Task to complete: Apart from the pictures, every entry should be reproduced exactly.

Working data:
────

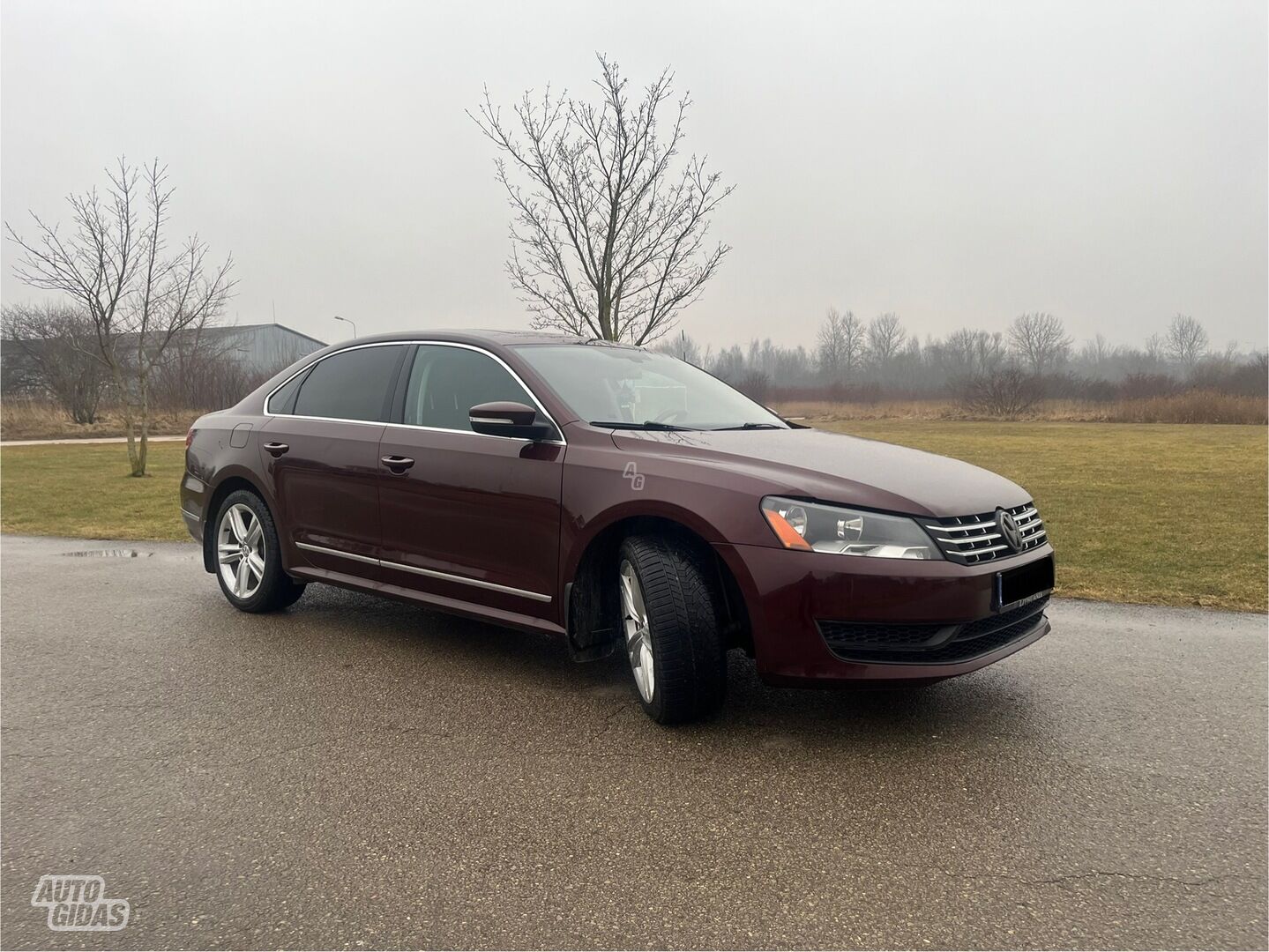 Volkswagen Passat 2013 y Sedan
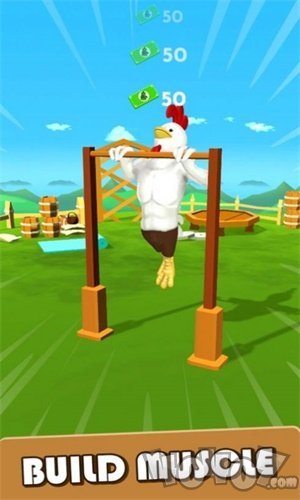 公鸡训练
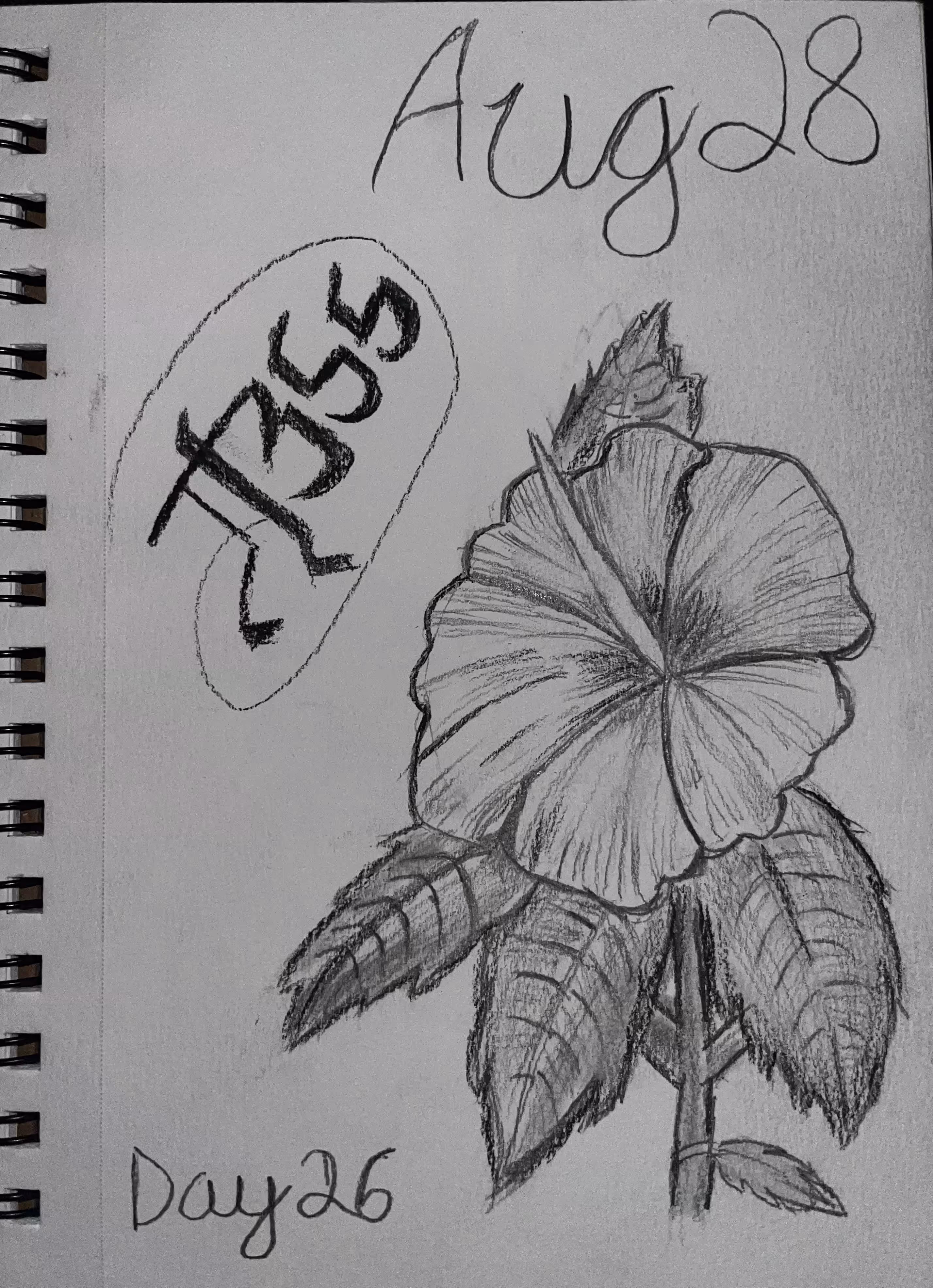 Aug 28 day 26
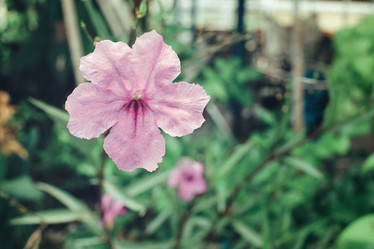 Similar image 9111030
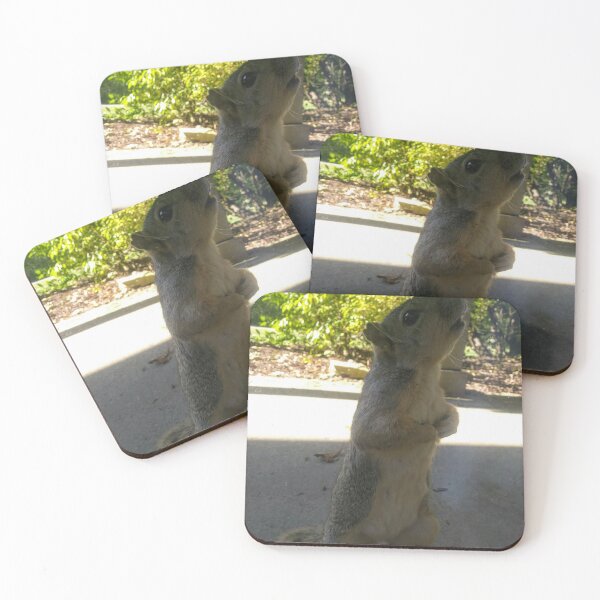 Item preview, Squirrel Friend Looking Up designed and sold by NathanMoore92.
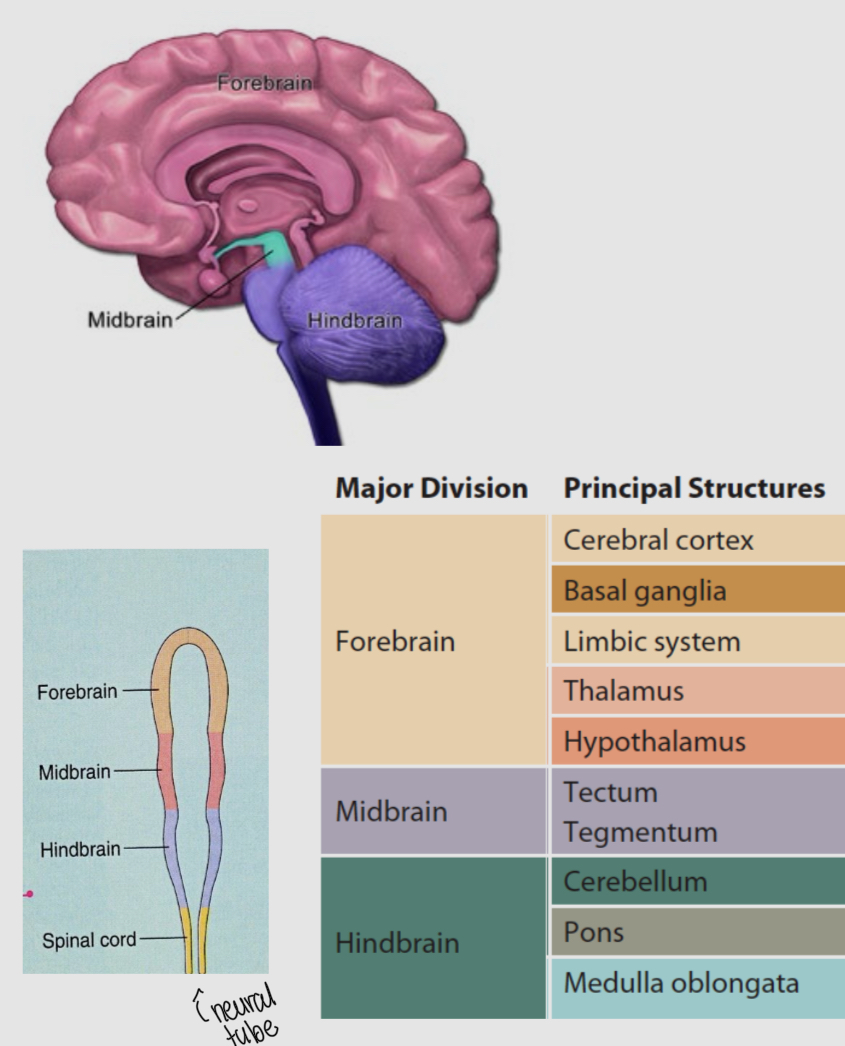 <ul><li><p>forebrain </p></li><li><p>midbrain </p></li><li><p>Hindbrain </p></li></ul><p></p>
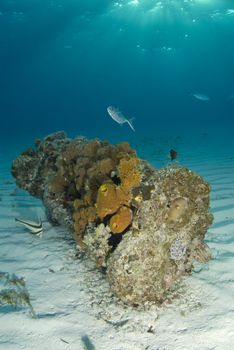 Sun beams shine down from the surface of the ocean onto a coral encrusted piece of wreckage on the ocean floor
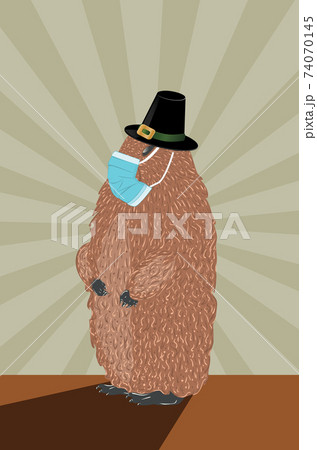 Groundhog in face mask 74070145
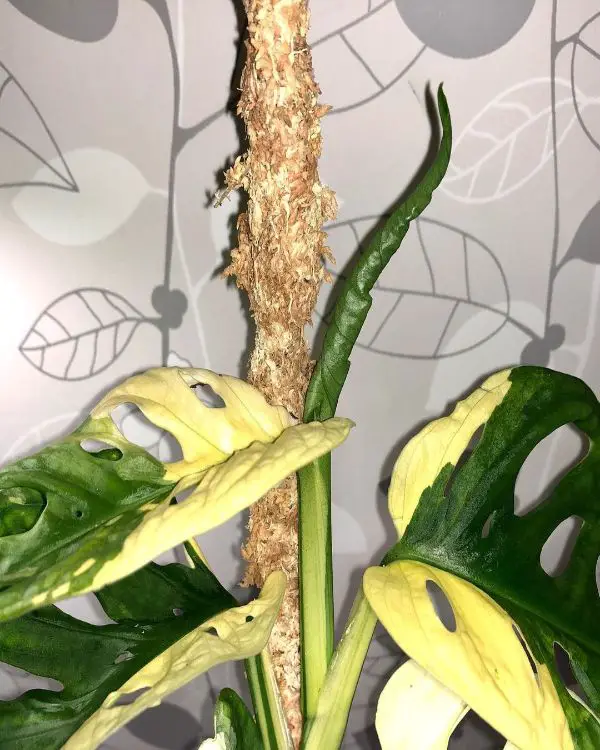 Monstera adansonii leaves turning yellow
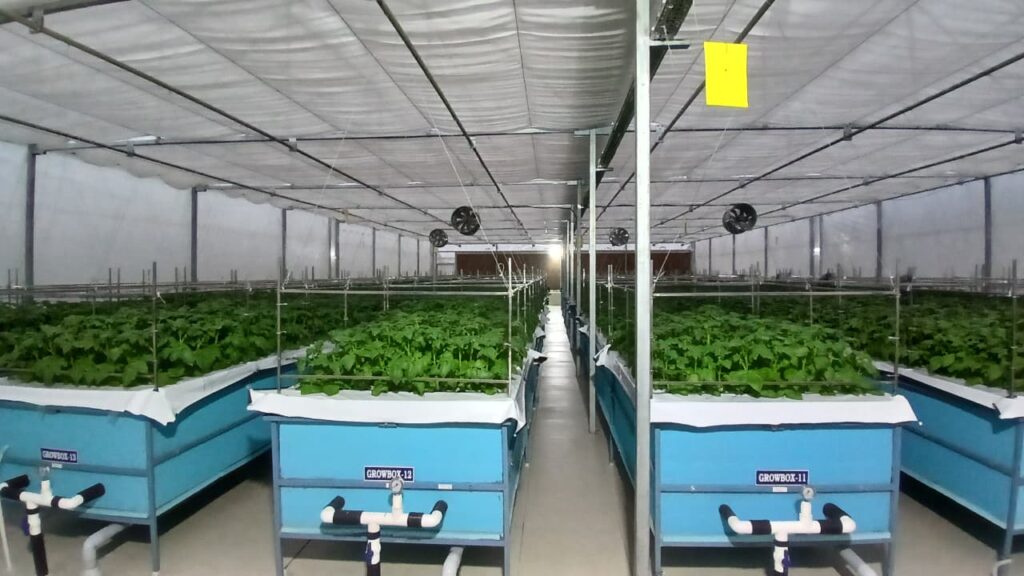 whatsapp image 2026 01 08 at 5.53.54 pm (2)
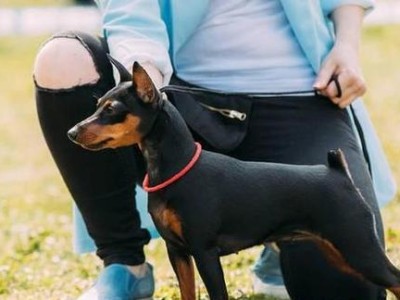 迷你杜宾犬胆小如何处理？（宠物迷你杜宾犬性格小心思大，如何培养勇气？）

────

Solution below:
 Volkswagen Passat 2013 y Sedan
 公鸡训练
 Aug 28 day 26
 Similar image 9111030
 Item preview, Squirrel Friend Looking Up designed and sold by NathanMoore92.
 <ul><li><p>forebrain </p></li><li><p>midbrain </p></li><li><p>Hindbrain </p></li></ul><p></p>
 Sun beams shine down from the surface of the ocean onto a coral encrusted piece of wreckage on the ocean floor
 Groundhog in face mask 74070145
 Monstera adansonii leaves turning yellow
 whatsapp image 2026 01 08 at 5.53.54 pm (2)
 迷你杜宾犬胆小如何处理？（宠物迷你杜宾犬性格小心思大，如何培养勇气？）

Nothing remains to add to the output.